● **Data excerpt**:
-=-=-=-=-
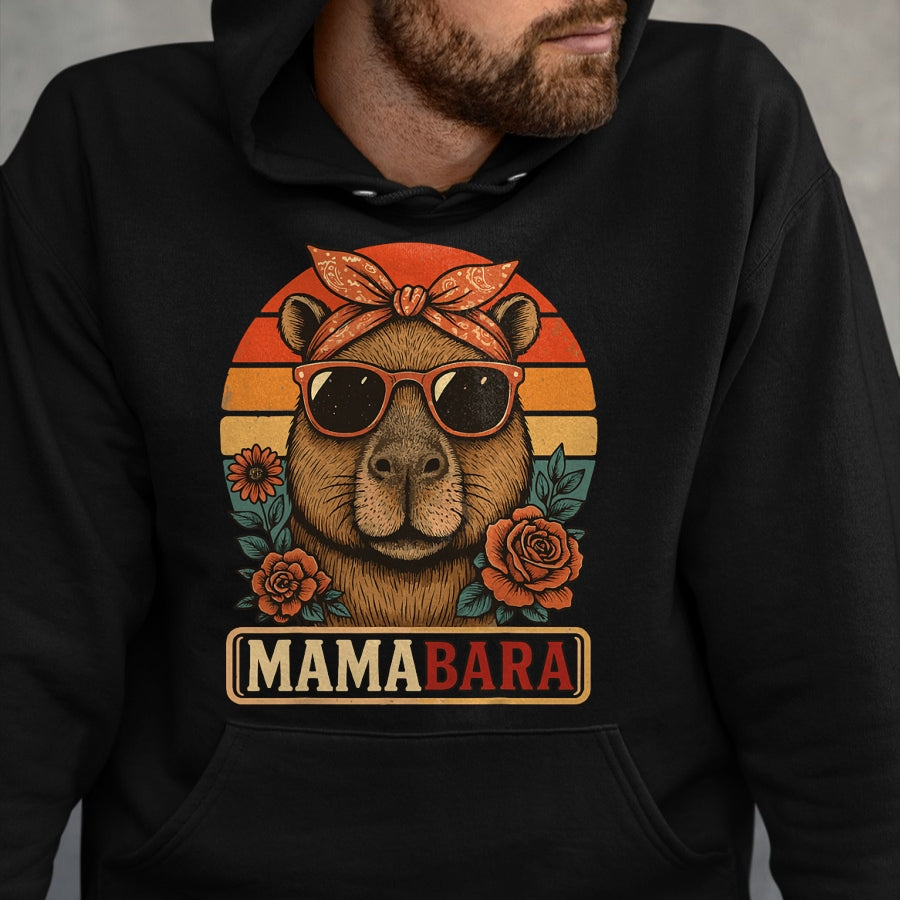 Cute Capybara Shirt, Funny Capybara Unisex T-Shirt/Hoodie/Sweatshirt HLT00 - Mamabara Capybara Mother T-Shirt (1)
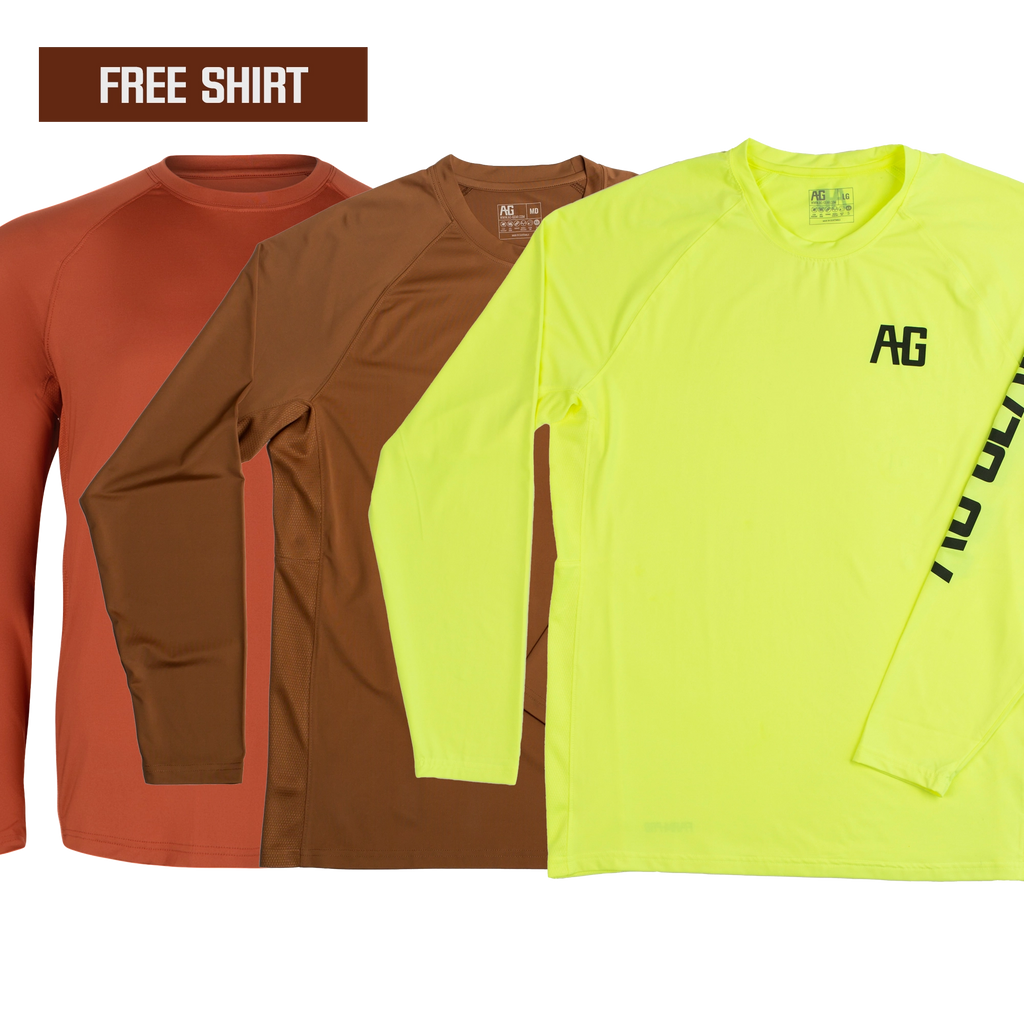 Farm Pro Long Sleeve 3 for 2 - Brick, Coyote, HighVis Yellow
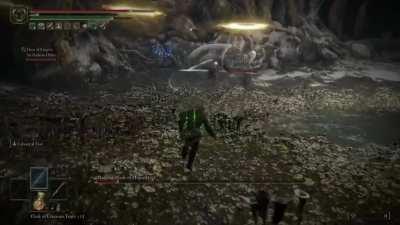 Edge,lord and Nepheli help Sir Gideon Ofnir to slay Malenia for her Great Rune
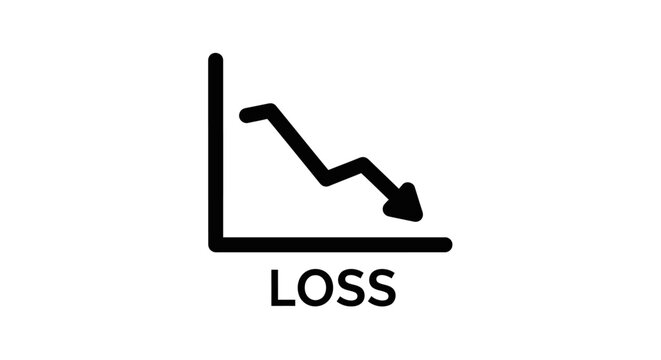 Financial Loss Graph with Downward Arrow Symbol. Business Decline and Economic Recession Chart Representing Decrease and Negative Growth Statistics.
-=-=-=-=-
● **Exercise**: Your task is to output the material word for word while leaving out every image.

● **Exercise response**:
 Cute Capybara Shirt, Funny Capybara Unisex T-Shirt/Hoodie/Sweatshirt HLT00 - Mamabara Capybara Mother T-Shirt (1)
 Farm Pro Long Sleeve 3 for 2 - Brick, Coyote, HighVis Yellow
 Edge,lord and Nepheli help Sir Gideon Ofnir to slay Malenia for her Great Rune
 Financial Loss Graph with Downward Arrow Symbol. Business Decline and Economic Recession Chart Representing Decrease and Negative Growth Statistics.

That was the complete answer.